Synopses & Reviews
A chilling look from within the kitchen at the appetites of five of the 20th century’s most infamous dictators, by the acclaimed author of Dancing Bears
What was Pol Pot eating while two million Cambodians were dying of hunger? Did Idi Amin really eat human flesh? And why was Fidel Castro obsessed with one particular cow?
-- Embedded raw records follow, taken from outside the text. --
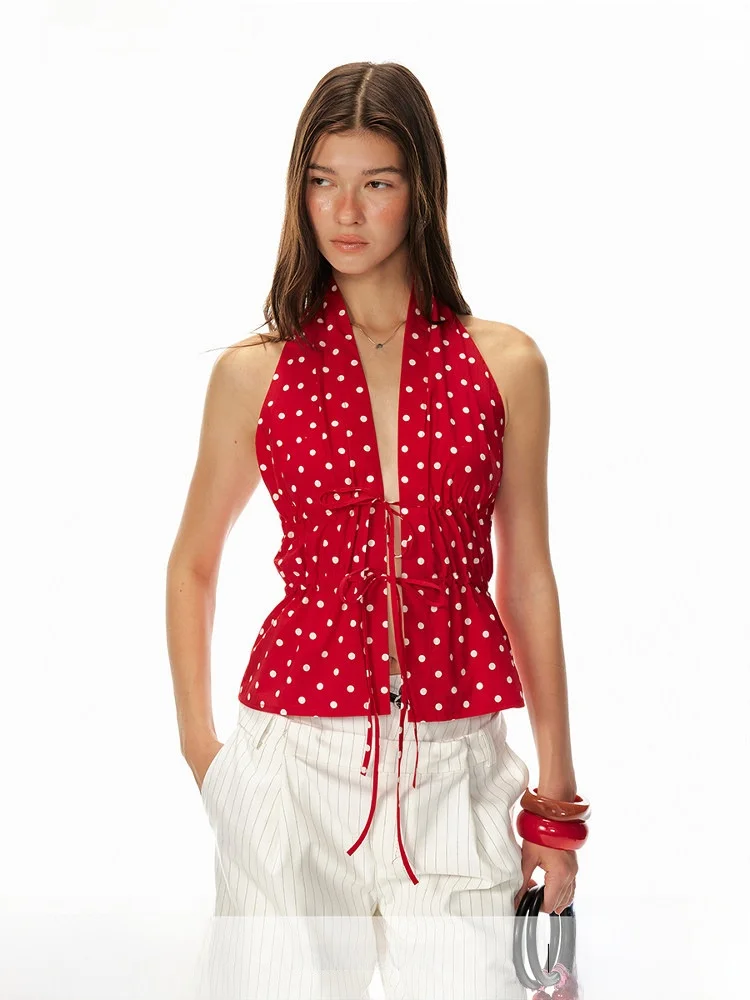 

Сексуальный укороченный топ в горошек с завязками, облегающий, из 100% хлопка, женская летняя повседневная одежда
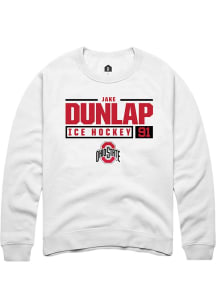 Jake Dunlap  Rally Ohio State Buckeyes Mens White NIL Stacked Box Long Sleeve Crew Sweatshirt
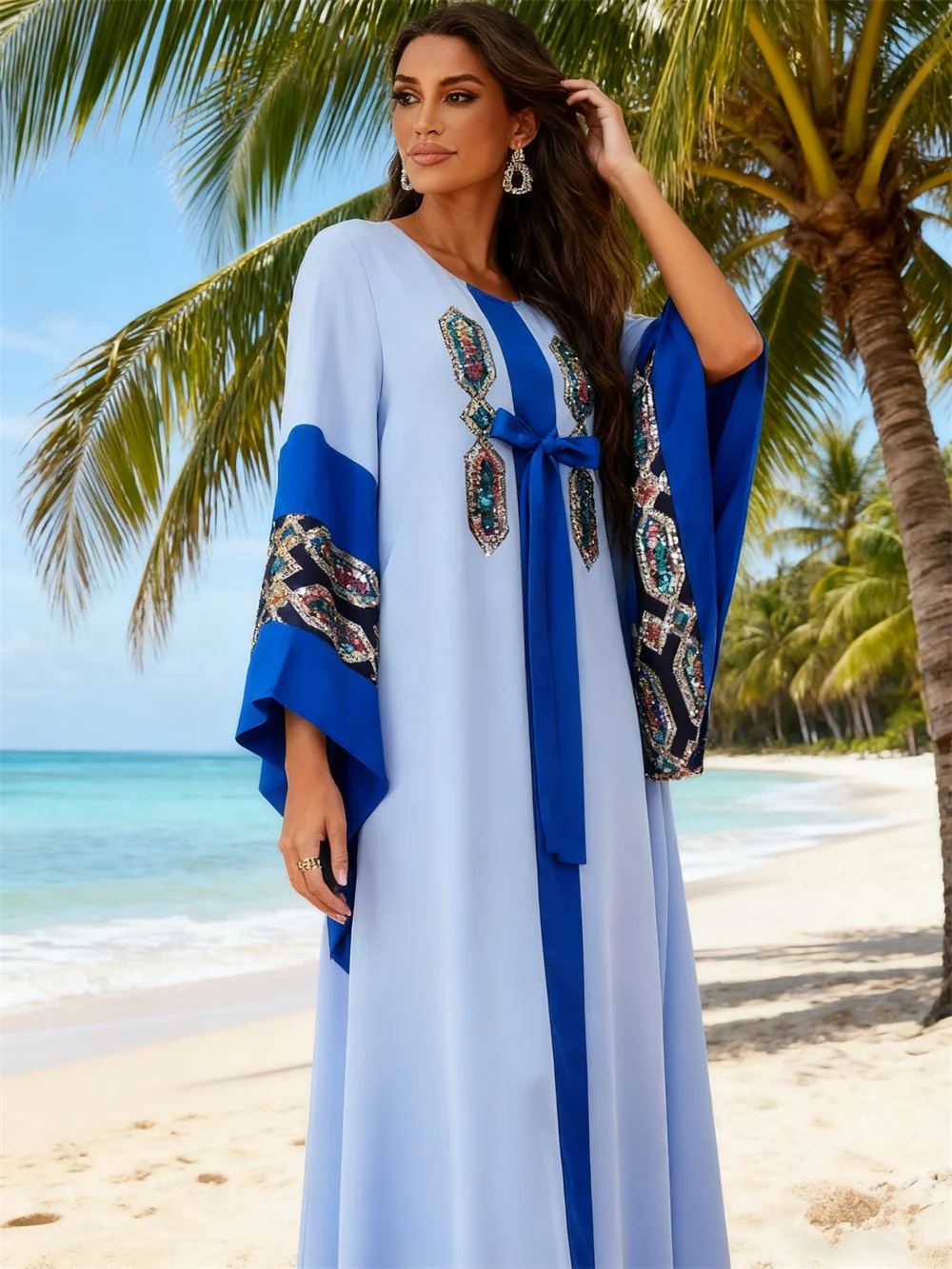 

Muslim Women Sequin Maxi Dress Dubai Abaya Turkey Kaftan Eid Djellaba Islam Jalabiya Morocco Caftan Femme Robe Vestidos Clothing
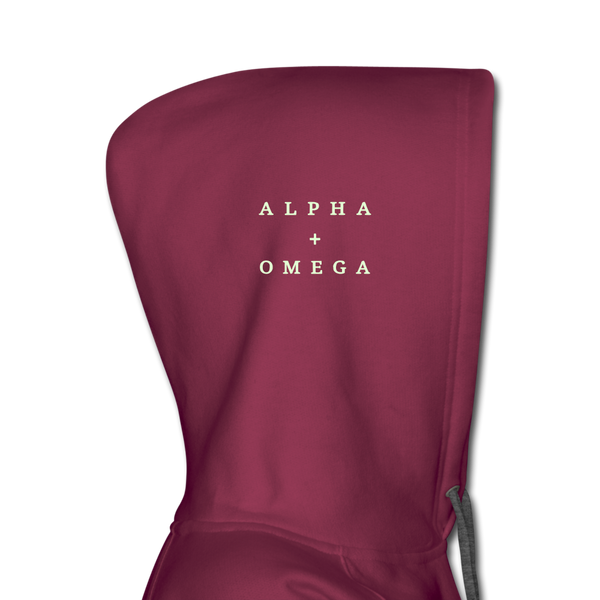 Alpha + Omega White Women’s Premium Hoodie - burgundy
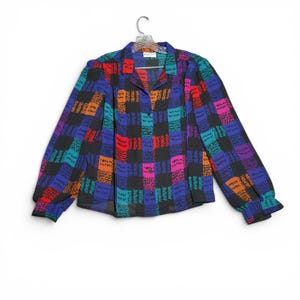 Vintage 80s Lady Windsor by Teddi Multicolor Patchwork Long Sleeve Blouse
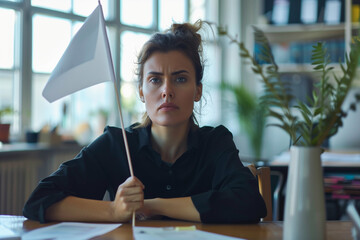 Burnt Out White Woman Waving White Flag at Work, Quiet Quitting or Retiring - obrazy, fototapety, plakaty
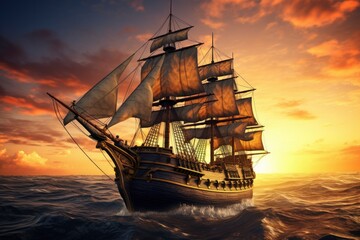 Obraz premium Pirate ship sailing on the ocean at sunset. Vintage cruise.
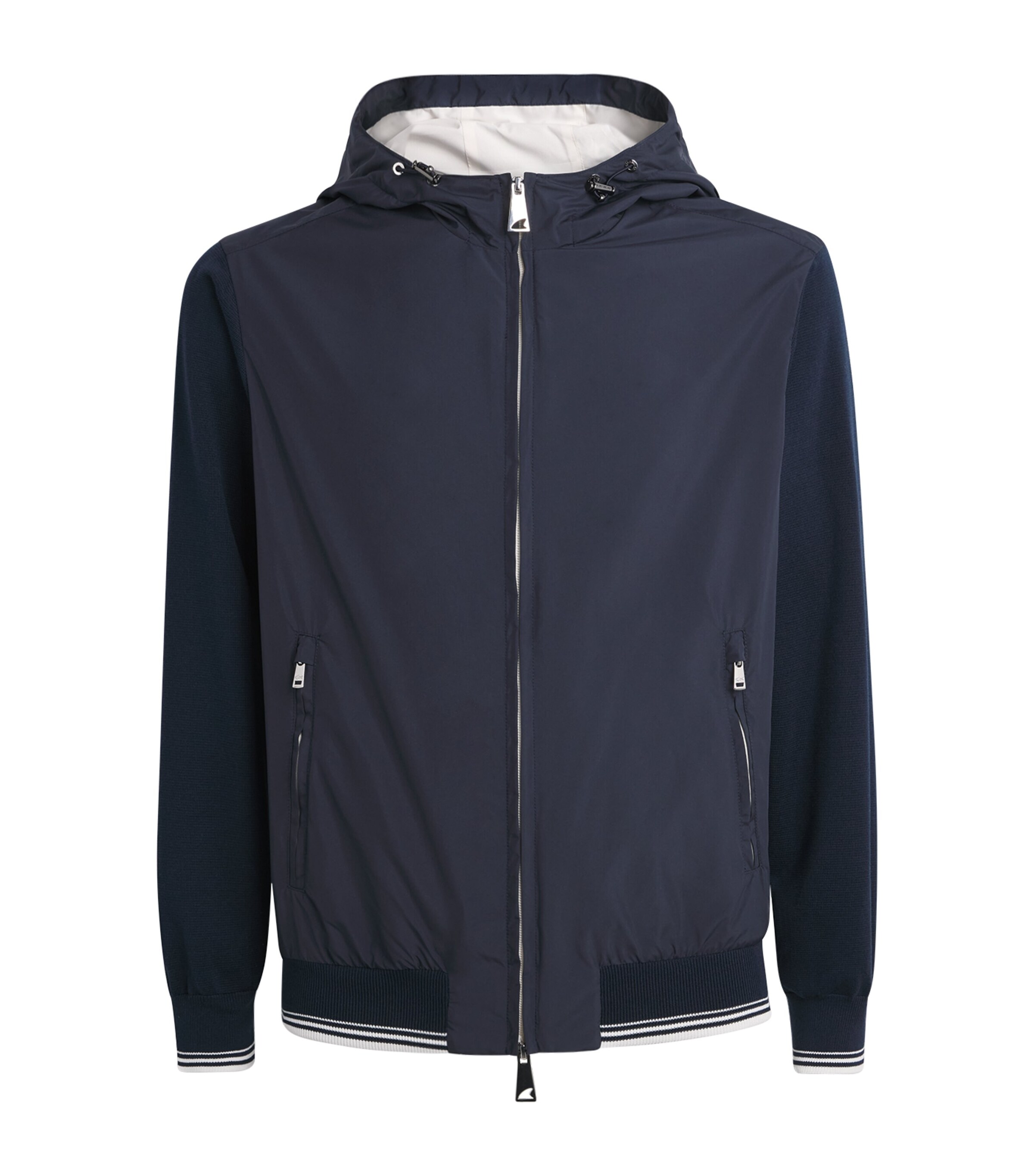 Paul & Shark Mens Cotton Hybrid Hooded Bomber Jacket Blue Image 1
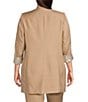 Color:Nomad - Image 2 - Plus Size Contrast Lining Long Roll-Tab Sleeve Open Front Jacket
Traveling across four continents, from the ruins of Iraq to the savannahs of Kenya, Witold Szabłowski tracked down the personal chefs of five dictators known for the oppression and massacre of their own citizens: Iraq’s Saddam Hussein, Uganda’s Idi Amin, Albania’s Enver Hoxha, Cuba’s Fidel Castro, and Cambodia’s Pol Pot — and listened to their stories over sweet-and-sour soup, goat-meat pilaf, bottles of rum, and games of gin rummy. Dishy, deliciously readable, and dead serious, How to Feed a Dictator provides a knife’s-edge view of what it was like to be behind the scenes at some of the turning points of the last century.
Review
“A quick read, but tense. I was surprised at how fast my pulse was going when reading.” Victoria Irwin, FangirlNation
Review
“Its originality and topicality in a world increasingly governed by political strongmen [are] intriguing....The author shares intimate historical insights into the meaning of life under dictatorship.” Kirkus Reviews
Review
“Food and history buffs will find these firsthand accounts irresistible....Throughout, Szabłowski entertains with disturbing rumors...and strange obsessions ([Fidel] Castro preferred the milk from a single cow named Ubre Blanca, or “white udder”)....These are the kinds of stories only a chef could know.” Publishers Weekly
About the Author
Witold Szabłowski is an award-winning Polish journalist. At age 25 he became the youngest reporter at the Polish daily newspaper Gazeta Wyborcza’s weekly supplement, Duży Format, where he covered international stories in countries including Cuba, South Africa, and Iceland. His features on the problem of illegal immigrants flocking to the EU won the European Parliament Journalism Prize; his reportage on the 1943 massacre of Poles in Ukraine won the Polish Press Agency’s Ryszard Kapuściński Award; and his book about Turkey, The Assassin From Apricot City, won the Beata Pawlak Award and an English PEN award, and was nominated for the Nike Award, Poland’s most prestigious literary prize. Szabłowski lives in Warsaw.